Breaking Ground: Gifts from Katie and Drew Gibson

  • A photograph of 4 wavy clear glass bowls that have edges tipped with pink. They are nested within each other and resemble a flower.

    Dale Chihuly
    Pink and White Seaform set with Pink Lip Wrap, 1982
    Blown glass
    14 × 17 × 6½ inches

  • A painting of a circular open stadium. There are 6 large lights and a green scoreboard on the edge. At the center is a green field surrounded by 3–4 layers of spectator seating. Around the stadium are city streets and freeways packed with cars.

    Chester Arnold
    Colosseum, 1998
    66 × 80 inches

     

  • Don Nice

    Predella, 1983

    Watercolor on paper 

    31 × 59 ½ inches

    Gift of Katie and Drew Gibson 

    Photo: Douglas Sandberg

    Katie and Drew Gibson, longtime supporters of SJMA, believe that culture is a big part of what makes a city important and meaningful. From the very early days of the Museum, when it occupied the old library, they dreamed of an art museum with a collection of national prominence and gutsy distinction.
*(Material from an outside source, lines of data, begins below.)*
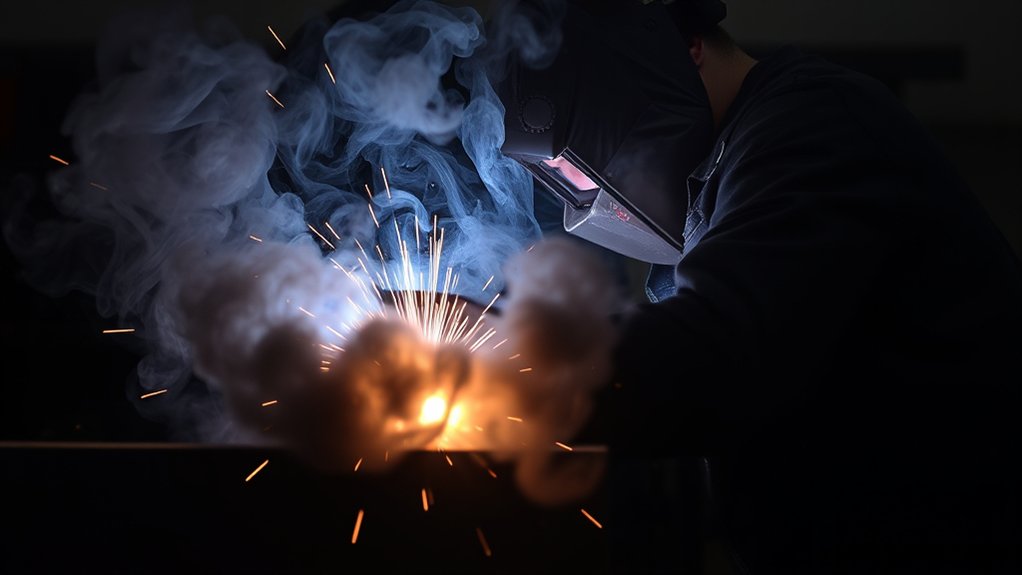 causes of black smoke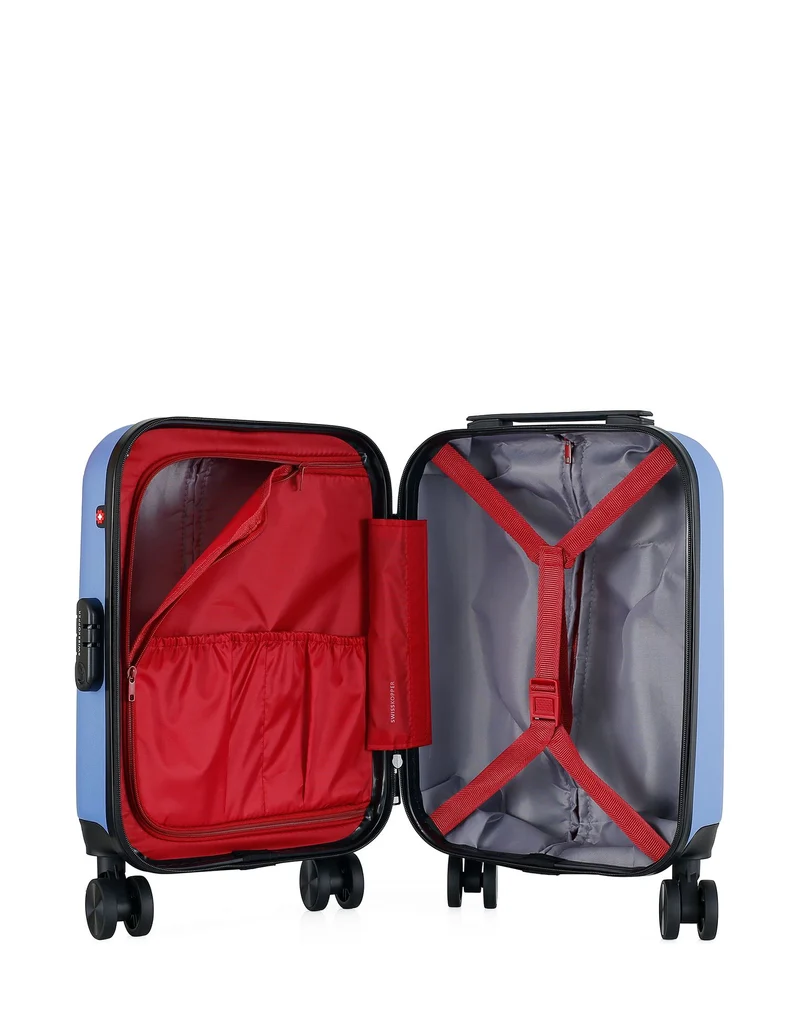 SWISS KOPPER – Handgepäck - Koffer 46cm RUTI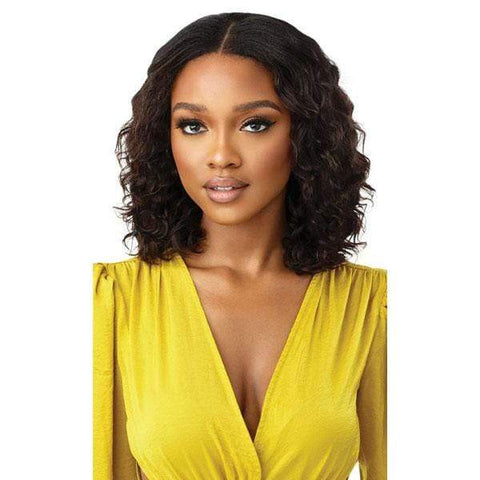 Outre Mytresses Gold Label 100% Human Hair U-Part Cap Wig - ARUBAN WAVE 12" - SoGoodBB.com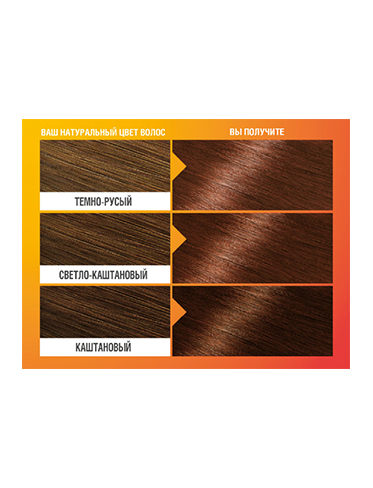 Краска для волос Garnier Color&Shine 5.35 Шоколад-4
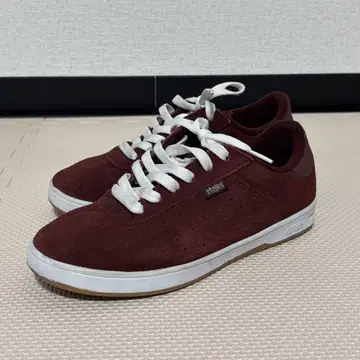 [ 중고 ] etnies THE SCAM 버건디 ( 23.5cm )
The Gibsons have helped the Museum realize its ambitions for some thirty years. A developer of commercial properties in San Jose, Drew was a driving force, alongside Averill Mix, in the capital campaign and the construction of the Museum’s impressive new wing in 1991. He and Katie made a gift to name the Gibson Family Gallery and, to date, have generously donated seventy-five works of art from their extraordinary private collection to SJMA, including visitor favorites such as Mildred Howard’s monumental Abode: Sanctuary for the Familia(r) (1994), known affectionately as “the bottle house.”

    This exhibition celebrates the Gibson’s legacy and their belief in sharing with the public the exhilarating experience that artworks bring. Highlights include works by California artists Robert Arneson, Nathan Oliveira, Raymond Saunders, and Richard Shaw, among others. Also on view will be a powerful sculpture by New Orleans artist Willie Birch, made in response to the harrowing 1992 “Rodney King” riots in Los Angeles; Maria Porges’s The virtues and vices of history, from the series “History Lessons” (1998); Mineko Grimmer’s Mahogany Music Box (n.d.); and the comical and subversive work of Donald Roller Wilson. In 2014, the Museum will present a separate exhibition of the Gibson’s gift of over thirty photographs by David Levinthal, an exemplary archive assembled with the artist that rivals the holdings of his work at the Metropolitan Museum of Art, New York, and the Los Angeles County Museum of Art.

    The Gibsons built their collection adventurously and independently, with a deep passion for art and a belief in supporting the work of living artists. These artworks were part of their daily lives and daily pleasures—and will now be enjoyed by Museum visitors for years to come.